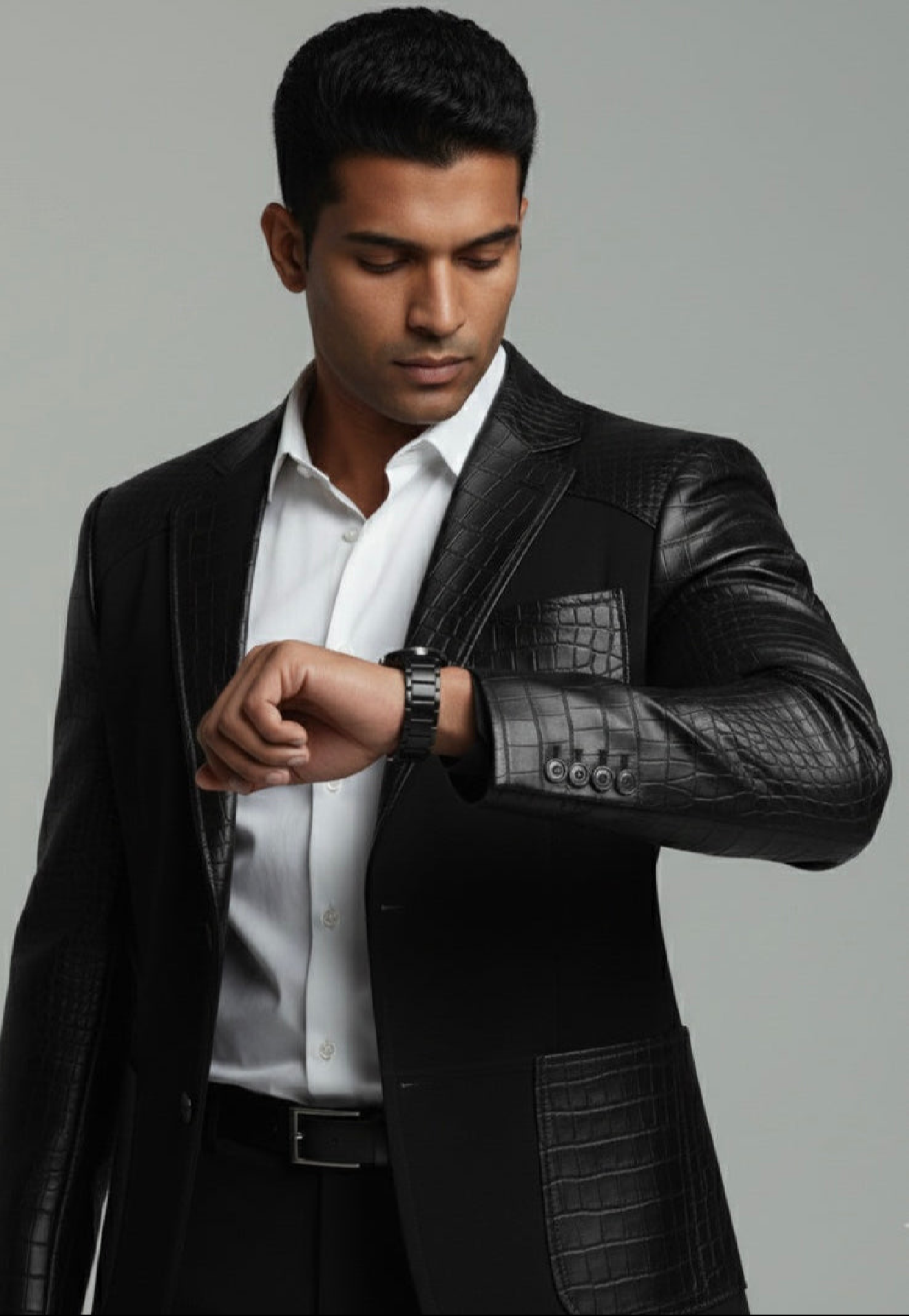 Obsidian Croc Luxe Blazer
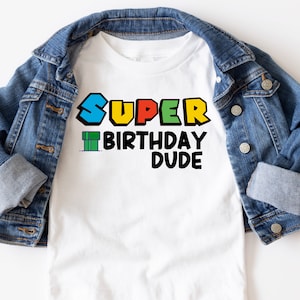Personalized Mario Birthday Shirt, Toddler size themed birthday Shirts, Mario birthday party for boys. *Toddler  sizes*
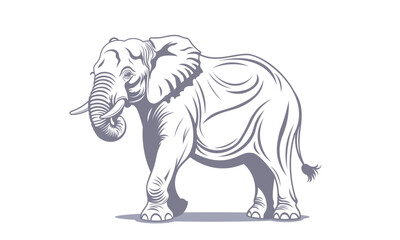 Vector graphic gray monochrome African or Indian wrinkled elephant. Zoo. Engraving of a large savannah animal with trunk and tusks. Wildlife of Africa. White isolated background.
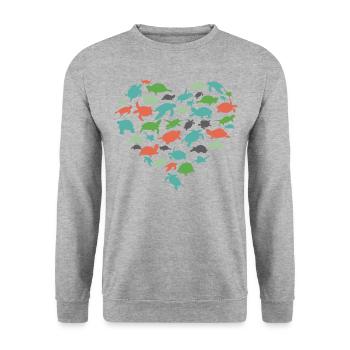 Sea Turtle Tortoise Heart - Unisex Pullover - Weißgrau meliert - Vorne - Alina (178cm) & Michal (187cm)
=-=-=-=-=
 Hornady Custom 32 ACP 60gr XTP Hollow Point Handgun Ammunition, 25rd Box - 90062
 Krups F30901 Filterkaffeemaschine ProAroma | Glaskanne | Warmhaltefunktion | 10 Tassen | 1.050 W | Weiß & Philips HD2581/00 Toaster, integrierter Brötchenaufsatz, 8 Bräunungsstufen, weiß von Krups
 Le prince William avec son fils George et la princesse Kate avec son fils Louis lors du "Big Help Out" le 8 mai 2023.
=-=-=-=-=
§ EXERCISE: From the listing above, please give again the lines that begin with the line holding "Obsidian Croc Luxe Blazer" and go on through the line holding "Sea Turtle Tortoise", exactly, both ends included, minus any picture.

§ SOLVED PROBLEM:
 Obsidian Croc Luxe Blazer
Personalized Mario Birthday Shirt, Toddler size themed birthday Shirts, Mario birthday party for boys. *Toddler  sizes*
 Vector graphic gray monochrome African or Indian wrinkled elephant. Zoo. Engraving of a large savannah animal with trunk and tusks. Wildlife of Africa. White isolated background.
 Sea Turtle Tortoise Heart - Unisex Pullover - Weißgrau meliert - Vorne - Alina (178cm) & Michal (187cm)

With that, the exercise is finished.